● WHAT YOU NEED TO DO: Only the lines from the top of the following listing through the line with "Jay Buhner [Snakeskin] #138" belong in your answer, exactly as written.

● LISTED RECORDS:
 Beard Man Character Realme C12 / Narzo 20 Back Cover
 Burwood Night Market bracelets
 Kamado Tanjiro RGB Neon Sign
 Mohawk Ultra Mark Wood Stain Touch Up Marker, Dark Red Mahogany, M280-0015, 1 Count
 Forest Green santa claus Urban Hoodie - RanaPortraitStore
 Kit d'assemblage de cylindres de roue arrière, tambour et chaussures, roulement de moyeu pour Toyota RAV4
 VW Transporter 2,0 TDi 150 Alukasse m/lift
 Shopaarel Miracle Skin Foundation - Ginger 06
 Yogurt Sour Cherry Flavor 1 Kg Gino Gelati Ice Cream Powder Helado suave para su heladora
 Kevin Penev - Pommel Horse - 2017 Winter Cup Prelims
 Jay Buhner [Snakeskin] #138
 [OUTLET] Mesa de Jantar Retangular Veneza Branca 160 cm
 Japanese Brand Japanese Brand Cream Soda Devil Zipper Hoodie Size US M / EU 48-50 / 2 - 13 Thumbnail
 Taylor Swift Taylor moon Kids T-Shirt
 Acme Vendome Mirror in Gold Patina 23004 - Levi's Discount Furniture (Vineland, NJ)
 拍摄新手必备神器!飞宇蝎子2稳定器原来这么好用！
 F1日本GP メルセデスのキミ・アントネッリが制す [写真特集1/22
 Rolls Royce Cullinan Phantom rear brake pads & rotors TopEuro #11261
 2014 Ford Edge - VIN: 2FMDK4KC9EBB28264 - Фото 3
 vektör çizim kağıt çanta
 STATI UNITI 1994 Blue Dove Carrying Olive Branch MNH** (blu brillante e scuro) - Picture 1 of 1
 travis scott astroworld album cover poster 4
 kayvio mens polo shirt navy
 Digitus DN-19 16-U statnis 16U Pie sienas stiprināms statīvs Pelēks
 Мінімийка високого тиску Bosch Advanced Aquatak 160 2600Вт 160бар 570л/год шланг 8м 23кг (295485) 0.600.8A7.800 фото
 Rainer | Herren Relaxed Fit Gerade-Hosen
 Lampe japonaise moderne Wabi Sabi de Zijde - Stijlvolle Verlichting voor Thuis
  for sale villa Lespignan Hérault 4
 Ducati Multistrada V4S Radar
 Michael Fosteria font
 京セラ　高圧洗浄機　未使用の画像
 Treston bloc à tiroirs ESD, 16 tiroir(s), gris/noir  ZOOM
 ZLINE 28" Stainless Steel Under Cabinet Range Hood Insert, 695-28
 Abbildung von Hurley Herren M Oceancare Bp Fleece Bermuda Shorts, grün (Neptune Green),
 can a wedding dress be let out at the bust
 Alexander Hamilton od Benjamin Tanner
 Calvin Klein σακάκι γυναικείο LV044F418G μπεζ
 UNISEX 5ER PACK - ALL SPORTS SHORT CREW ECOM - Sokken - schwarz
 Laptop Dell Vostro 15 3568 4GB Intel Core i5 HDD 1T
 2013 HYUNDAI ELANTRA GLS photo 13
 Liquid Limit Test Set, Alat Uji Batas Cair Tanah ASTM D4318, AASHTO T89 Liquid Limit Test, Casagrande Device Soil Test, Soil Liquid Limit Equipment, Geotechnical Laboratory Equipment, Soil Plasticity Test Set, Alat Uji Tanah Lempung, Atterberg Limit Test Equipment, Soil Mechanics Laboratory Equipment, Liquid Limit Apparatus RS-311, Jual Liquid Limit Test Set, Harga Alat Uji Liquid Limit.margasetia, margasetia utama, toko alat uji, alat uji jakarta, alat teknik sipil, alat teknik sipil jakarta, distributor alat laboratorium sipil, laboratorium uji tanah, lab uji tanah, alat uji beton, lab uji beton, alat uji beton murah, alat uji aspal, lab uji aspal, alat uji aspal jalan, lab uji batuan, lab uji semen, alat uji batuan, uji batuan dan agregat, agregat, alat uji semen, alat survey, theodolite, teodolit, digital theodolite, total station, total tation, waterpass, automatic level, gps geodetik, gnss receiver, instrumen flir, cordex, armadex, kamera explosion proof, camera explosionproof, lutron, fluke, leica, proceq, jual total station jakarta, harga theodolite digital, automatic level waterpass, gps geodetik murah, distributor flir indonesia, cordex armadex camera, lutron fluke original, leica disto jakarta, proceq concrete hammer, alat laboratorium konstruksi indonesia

● SOLUTION TO THIS TASK:
 Beard Man Character Realme C12 / Narzo 20 Back Cover
 Burwood Night Market bracelets
 Kamado Tanjiro RGB Neon Sign
 Mohawk Ultra Mark Wood Stain Touch Up Marker, Dark Red Mahogany, M280-0015, 1 Count
 Forest Green santa claus Urban Hoodie - RanaPortraitStore
 Kit d'assemblage de cylindres de roue arrière, tambour et chaussures, roulement de moyeu pour Toyota RAV4
 VW Transporter 2,0 TDi 150 Alukasse m/lift
 Shopaarel Miracle Skin Foundation - Ginger 06
 Yogurt Sour Cherry Flavor 1 Kg Gino Gelati Ice Cream Powder Helado suave para su heladora
 Kevin Penev - Pommel Horse - 2017 Winter Cup Prelims
 Jay Buhner [Snakeskin] #138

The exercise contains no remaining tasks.